The first option is similar to the original picture in a way of showing the data, yet with several corrections regarding the aforementioned remarks. I also added some colors to make it prettier (yeah, just prettier).

library(ggplot2)
library(dplyr)

sample_group <- c("Social network users", "Social network users", "Social network users", "Social network users", "Social network users", "Social network users", "Social network users", "Social network users", "Social network users", "Social network users", "Social network users", "Social network users", "Social network users", "Social network users", "Business employees", "Business employees", "Business employees", "Business employees", "Business employees", "Business employees", "Business employees", "Business employees", "Business employees", "Business employees", "Business employees", "Business employees", "Business employees", "Business employees", "Business employees", "Business employees") %>% as.factor()

frequency <- c(350, 270, 260, 230, 400, 235, 100, 70, 40, 18, 10, 15, 8, 25, 25, 158, 150, 120, 180, 190, 160, 100, 90, 60, 38, 20, 30, 18, 15, 29) %>% as.numeric()

no_friends <- c(0, 25, 50, 75, 100, 200, 300, 400, 500, 600, 700, 800, 900, 1000, 0, 25, 50, 75, 100, 150, 200, 250, 300, 350, 400, 450, 500, 600, 700, 800) %>% as.numeric()

data <- data.frame(sample_group, frequency, no_friends)

ggplot(data = data, aes(x = no_friends, y = frequency, fill = sample_group))+
  geom_col(position = "dodge2", col = "gray4") +
   theme_bw() +
  labs(
    x = "Number of friends",
    y = "Frequency",
    title = "Distribution of Network Size",
    fill = "",
    subtitle = "Sample 1 (social network user: N = 2000) and\nSample 2 (business employees: N = 1375)"
  ) +
 scale_x_continuous(breaks = c(0, 25, 50, 75, 100, 150, 200, 250, 300, 350, 400, 450, 500, 600, 700, 800, 900, 1000)) +
  scale_fill_manual(values = c("#440154FF", "#FDE725FF")) +
  theme(axis.text.x=element_text(angle=45, hjust=1)) 

The breaks on the x-axis are done the same way as on the original plot assuming that the author had some idea behind this arrangement and it should be presented this way.

Line plots

Another option is a little different in a type of a visualization. It is a line chart presenting the same information and accounting for the issues of the original picture, breaks as well.

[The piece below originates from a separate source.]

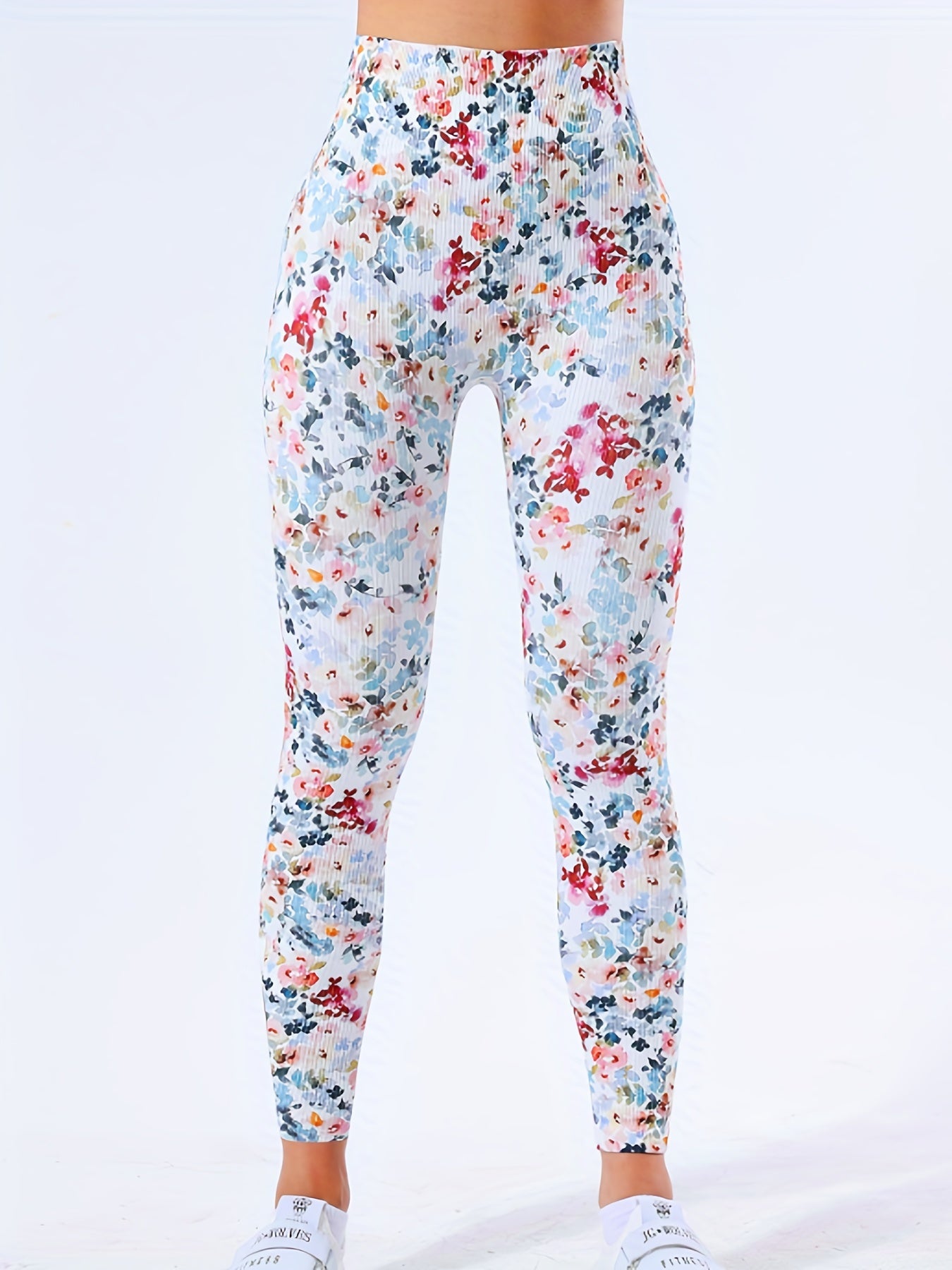Flower Print Yoga Sports Leggings Quick Drying Seamless Yoga Pants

ggplot(data, aes(x=no_friends, y=frequency, group=sample_group)) +
  geom_line(aes(linetype=sample_group, col = sample_group))+
  geom_point(aes(shape=sample_group, col = sample_group))  +
  theme_bw() +
  labs(
    x = "Number of friends",
    y = "Frequency",
    title = "Distribution of Network Size",
    col = "",
    subtitle = "Sample 1 (social network user: N = 2000) and\nSample 2 (business employees: N = 1375)"
  ) +
  scale_x_continuous(breaks = c(0, 100, 200, 300, 400, 500, 600, 700, 800, 900, 1000))+
  scale_colour_manual(values = c("#440154FF", "#FDE725FF")) 

And the following one is a monochrome version of the previous one - in case there was a restriction on usage of colors for graphics when the paper was published.

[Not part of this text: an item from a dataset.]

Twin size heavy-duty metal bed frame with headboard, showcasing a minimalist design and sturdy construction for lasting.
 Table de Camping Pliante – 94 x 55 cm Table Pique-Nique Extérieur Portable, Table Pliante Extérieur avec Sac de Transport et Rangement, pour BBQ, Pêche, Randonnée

ggplot(data, aes(x=no_friends, y=frequency, group=sample_group)) +
  geom_line(aes(linetype=sample_group))+
  geom_point(aes(shape=sample_group))  +
  theme_bw() +
  labs(
    x = "Number of friends",
    y = "Frequency",
    title = "Distribution of Network Size",
    col = "",
    subtitle = "Sample 1 (social network user: N = 2000) and\nSample 2 (business employees: N = 1375)"
  ) +
  scale_x_continuous(breaks = c(0, 100, 200, 300, 400, 500, 600, 700, 800, 900, 1000))

To sum up, all of the presented graphs account for the values ranges of two samples’ distributions making it easier to compare those. And that is all, thank you for your attention.

References:

  • Dunbar, R.I., 2016. Do online social media cut through the constraints that limit the size of offline social networks?. Royal Society Open Science, 3(1), p.150292.